En la continua lucha que sostiene para salir del angustioso cerco de las benévolas pero obtusas personas que la rodean, y en su ansiosa aspiración de crearse un objetivo más alto que los que ofrece el ambiente inmediato, Dorotea se exalta, pierde la serenidad y acaba cifrando sus ideales en el primer ser más o menos aceptable que se le presenta: el pedante y árido Mr. Casaubon (v.).

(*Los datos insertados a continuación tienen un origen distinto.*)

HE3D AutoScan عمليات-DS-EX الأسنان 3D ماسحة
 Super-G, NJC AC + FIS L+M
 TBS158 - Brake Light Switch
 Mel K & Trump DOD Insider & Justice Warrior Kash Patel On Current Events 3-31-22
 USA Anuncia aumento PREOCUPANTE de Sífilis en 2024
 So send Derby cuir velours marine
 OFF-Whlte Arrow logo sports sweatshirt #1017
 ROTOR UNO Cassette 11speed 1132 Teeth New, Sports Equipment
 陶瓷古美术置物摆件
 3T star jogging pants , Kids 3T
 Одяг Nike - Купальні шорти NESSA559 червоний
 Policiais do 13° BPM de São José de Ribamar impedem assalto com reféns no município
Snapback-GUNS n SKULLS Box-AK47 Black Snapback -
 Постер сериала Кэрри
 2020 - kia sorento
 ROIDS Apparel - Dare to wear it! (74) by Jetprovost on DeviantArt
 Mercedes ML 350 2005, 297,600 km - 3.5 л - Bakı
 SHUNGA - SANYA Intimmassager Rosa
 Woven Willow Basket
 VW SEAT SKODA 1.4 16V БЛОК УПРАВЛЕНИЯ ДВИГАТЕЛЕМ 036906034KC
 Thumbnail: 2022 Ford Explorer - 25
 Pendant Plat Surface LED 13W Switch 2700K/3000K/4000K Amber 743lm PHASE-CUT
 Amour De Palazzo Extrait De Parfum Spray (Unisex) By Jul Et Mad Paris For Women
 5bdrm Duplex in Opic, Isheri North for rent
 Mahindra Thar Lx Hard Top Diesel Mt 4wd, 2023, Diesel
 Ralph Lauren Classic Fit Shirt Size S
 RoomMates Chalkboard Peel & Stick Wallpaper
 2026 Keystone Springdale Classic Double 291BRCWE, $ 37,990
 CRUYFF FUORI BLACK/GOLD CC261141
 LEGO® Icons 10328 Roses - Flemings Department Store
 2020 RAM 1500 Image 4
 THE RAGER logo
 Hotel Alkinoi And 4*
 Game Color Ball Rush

Nacida para ser una Antígona (v.), Dorotea cree haber roto el embrujo de su ambiente, y no se da cuenta de que ha sustituido la realidad por una imagen creada por su ardiente fantasía; de ahí una situación cuya patética ironía guarda cierta semejanza con la del Tío Vania (v.) de Chejov. Mister Casaubon no escribirá jamás la obra que Dorotea espera de él y que debe poner su ciencia al servicio del mundo: la gran obra de Mr. Casaubon no era más que el lamentable intento de un pedante que se afanaba en conservar su reputación de gran talento, de la que él mismo íntimamente dudaba.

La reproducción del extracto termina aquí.